◆ PROBLEM STATEMENT ◆
Your task is to repeat all of the data exactly while excluding the pictures.

◆ AVAILABLE DATA ◆
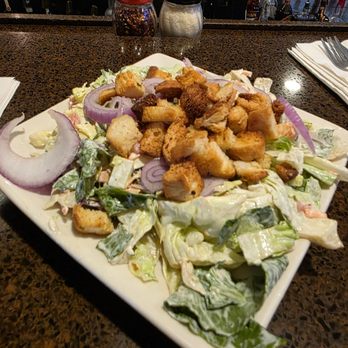 Lou Malnati's Pizzeria - Small salad - Pizza Near Me - Schaumburg, Illinois Lou Malnati's Pizzeria - Small salad - Pizza Near Me - Schaumburg, Illinois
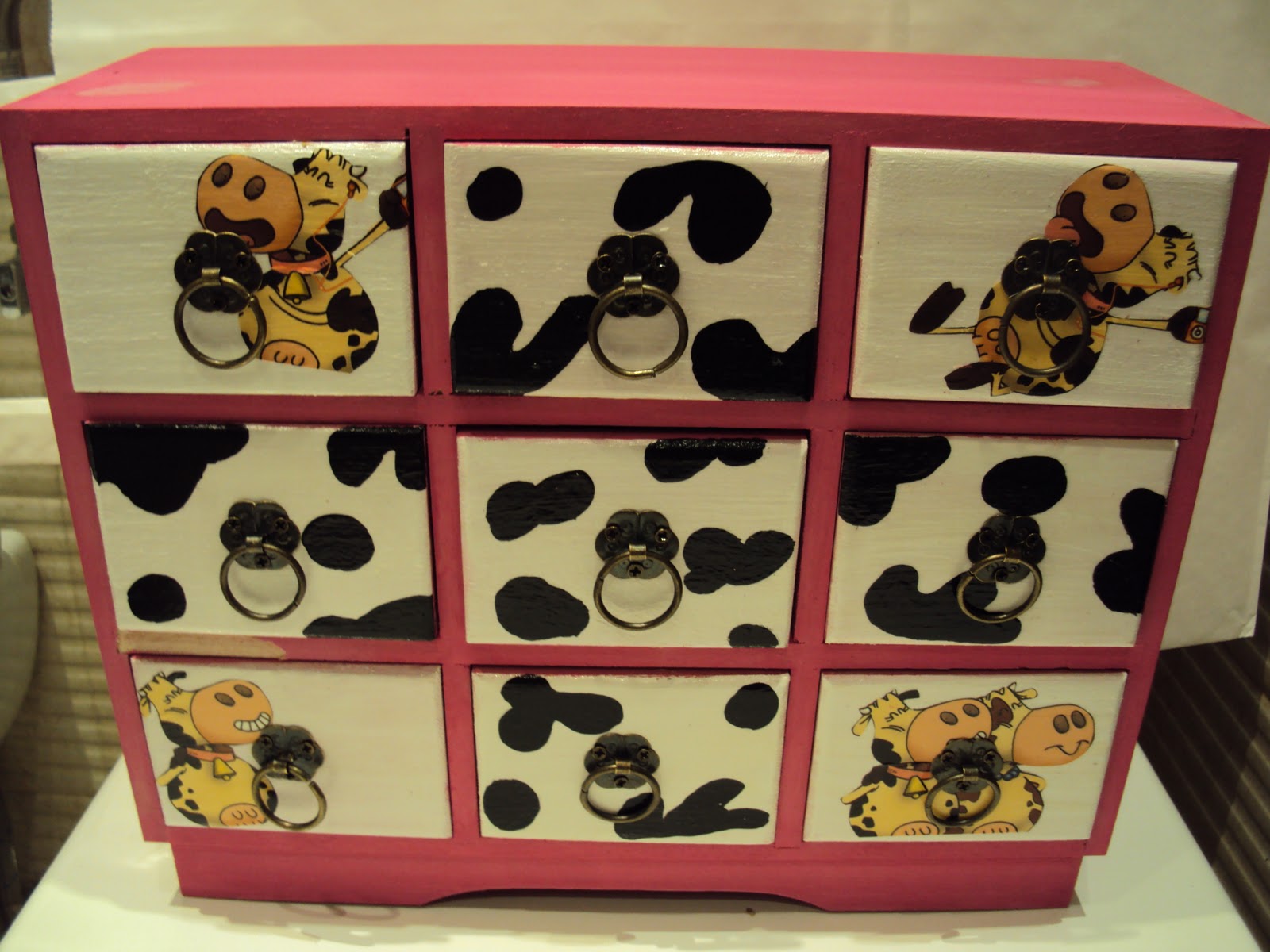 MUEBLE COW FASHION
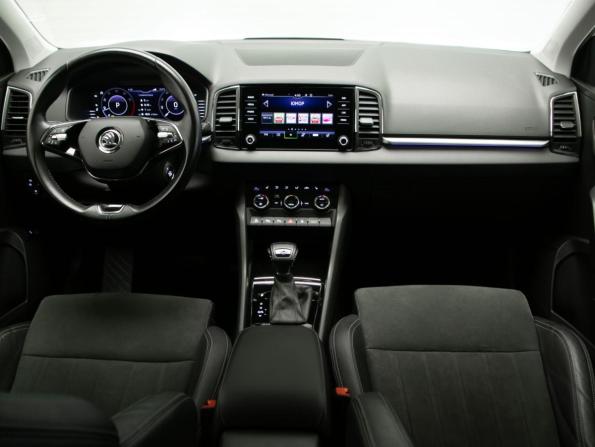 Skoda Karoq I Рестайлинг с пробегом 2021 года, цена 2 475 000 рублей, 44000 км, внедорожник, Автокод Объявления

◆ ANSWER TO THE EXERCISE ◆
 Lou Malnati's Pizzeria - Small salad - Pizza Near Me - Schaumburg, Illinois Lou Malnati's Pizzeria - Small salad - Pizza Near Me - Schaumburg, Illinois
 MUEBLE COW FASHION
 Skoda Karoq I Рестайлинг с пробегом 2021 года, цена 2 475 000 рублей, 44000 км, внедорожник, Автокод Объявления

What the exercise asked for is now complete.